核心概念
The author introduces Beyond-Voice, a system that enables continuous 3D hand pose tracking on home assistant devices using acoustic sensing. The system transforms the device into an active sonar system to analyze reflections and reconstruct hand poses.
摘要
Beyond-Voice introduces a novel high-fidelity acoustic sensing system for hand pose tracking on home assistant devices. It leverages existing onboard microphones and speakers to track and reconstruct hand poses continuously in various environments without personalized training data. The system operates by transmitting inaudible ultrasound chirps and analyzing reflections to predict the 3D positions of 21 finger joints.
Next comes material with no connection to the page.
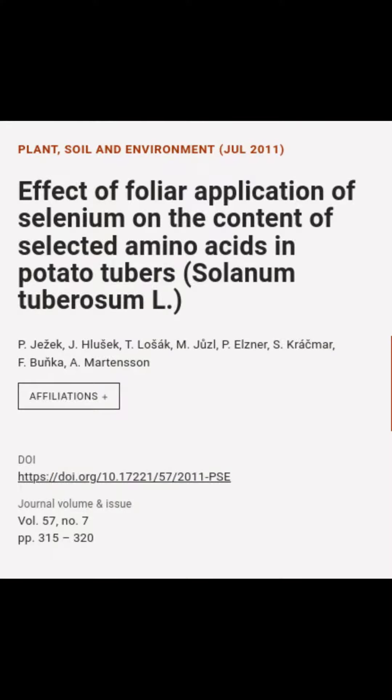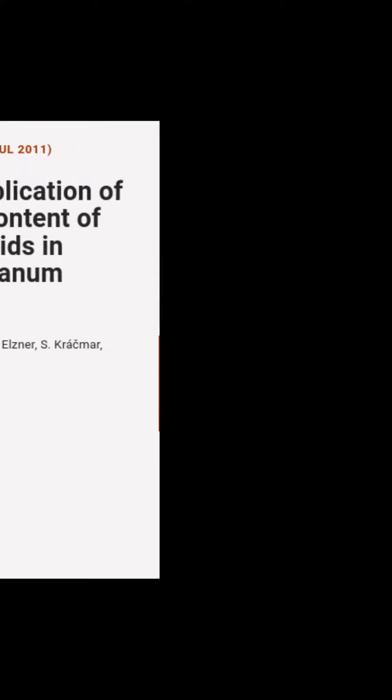This article is titled 'Effect of Foliar Application of Selenium on the Content of Selected Amino Acids in Potato Tubers, Solanum tuberosum L.' and was authored by P. Yezek, J. Hlasek, T. Lozak, and others.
By utilizing deep learning models, data preprocessing techniques, and hardware starting time cancellation, Beyond-Voice achieves accurate hand tracking results across different users and environments.
统计
A user study with 11 participants shows an average mean absolute error of 16.47mm for user-independent testing.
User-adaptive evaluation reduces the mean absolute error to 10.36mm with adaptive training.
In user-dependent testing, the mean absolute error is slightly higher at 12.49mm.
Data augmentation improves performance until a factor of x6, after which there is a slight rebound in error.
Finger-wise analysis reveals higher errors for middle fingers compared to others.
Bone-wise analysis shows higher errors for bones closer to the fingertip.
Orientation analysis indicates no significant impact on performance based on palm rotation, azimuth, and elevation angles.